# Lab9: Decision Trees
## Building a Classification Tree in `scikit-learn`

We'll build a classification tree using the **Iris** data set. We print the first 5 row of this dataset:

In [40]:
import pandas as pd
import matplotlib.pyplot as plt

# Read in the data.
path = './iris.csv'
iris = pd.read_csv(path, sep=',')

iris.head()

Unnamed: 0,sepal_length,sepal_width,petal_length,petal_width,species
0,5.1,3.5,1.4,0.2,Iris-setosa
1,4.9,3.0,1.4,0.2,Iris-setosa
2,4.7,3.2,1.3,0.2,Iris-setosa
3,4.6,3.1,1.5,0.2,Iris-setosa
4,5.0,3.6,1.4,0.2,Iris-setosa


In [41]:
# Define X and y.
feature_cols = ['sepal_length', 'sepal_width', 'petal_length', 'petal_width' ]

X = iris[feature_cols]
y = iris.species

We now use *sklearn* library for creating the Decision Tree model:

In [42]:
# Fit a classification tree with max_depth=3 on all data.
from sklearn.tree import DecisionTreeClassifier

treeclf = DecisionTreeClassifier(max_depth=3, random_state=1)
treeclf.fit(X, y)

DecisionTreeClassifier(class_weight=None, criterion='gini', max_depth=3,
            max_features=None, max_leaf_nodes=None,
            min_impurity_split=1e-07, min_samples_leaf=1,
            min_samples_split=2, min_weight_fraction_leaf=0.0,
            presort=False, random_state=1, splitter='best')

We can now visualize the decision tree using ther **export_graphviz** method:

In [46]:
from sklearn.tree import export_graphviz

# Create a Graphviz file.
export_graphviz(treeclf, out_file='./tree_iris.dot', feature_names=feature_cols)

# At the command line, run this to convert to PNG:
#   dot -Tpng tree_titanic.dot -o tree_titanic.png

# Or, just drag this image to your desktop or Powerpoint.

![Tree for iris data](./tree_iris.png)

We can **observe** that we can classify correctly all the sample for the first class, just by check if `petal_width` $\lt 0.8$. For separating the samples from the second and the third class we again use the `petal_width` feature (and checking if $\lt 1.75$).
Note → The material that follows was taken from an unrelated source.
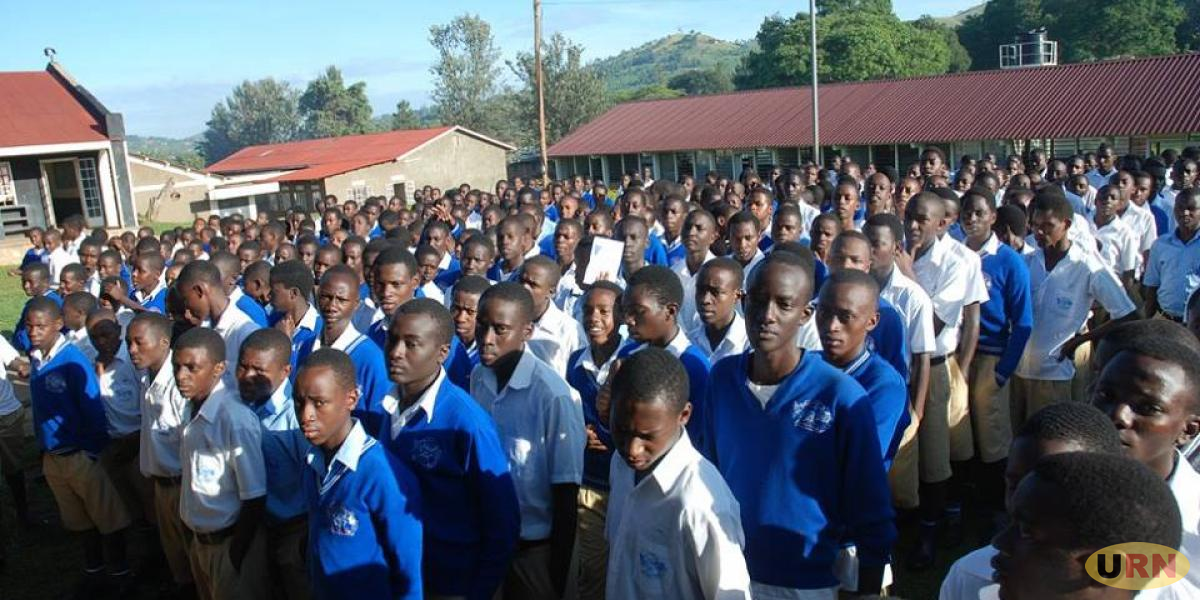 Morning assembly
This way, we classify correctly the $49/50$ samples from the second class and the $45/50$ samples from the third class.

We use the `petal_length` feature for further separation, between the second and the third class, but it is not as effective as `petal_width`.

We can compute the importance of each of our feature:

In [47]:
# Compute the feature importances (the Gini index at each node).

pd.DataFrame({'feature':feature_cols, 'importance':treeclf.feature_importances_})

Unnamed: 0,feature,importance
0,sepal_length,0.0
1,sepal_width,0.0
2,petal_length,0.053936
3,petal_width,0.946064


Since the `sepal_length` and `sepal_width` are not used in the decision tree, their importance is zero. The `petal_width` feature is more important the the `petal_length` one. This is expected since the `petal_width` feature is used to do basically (almost) all the samples classification.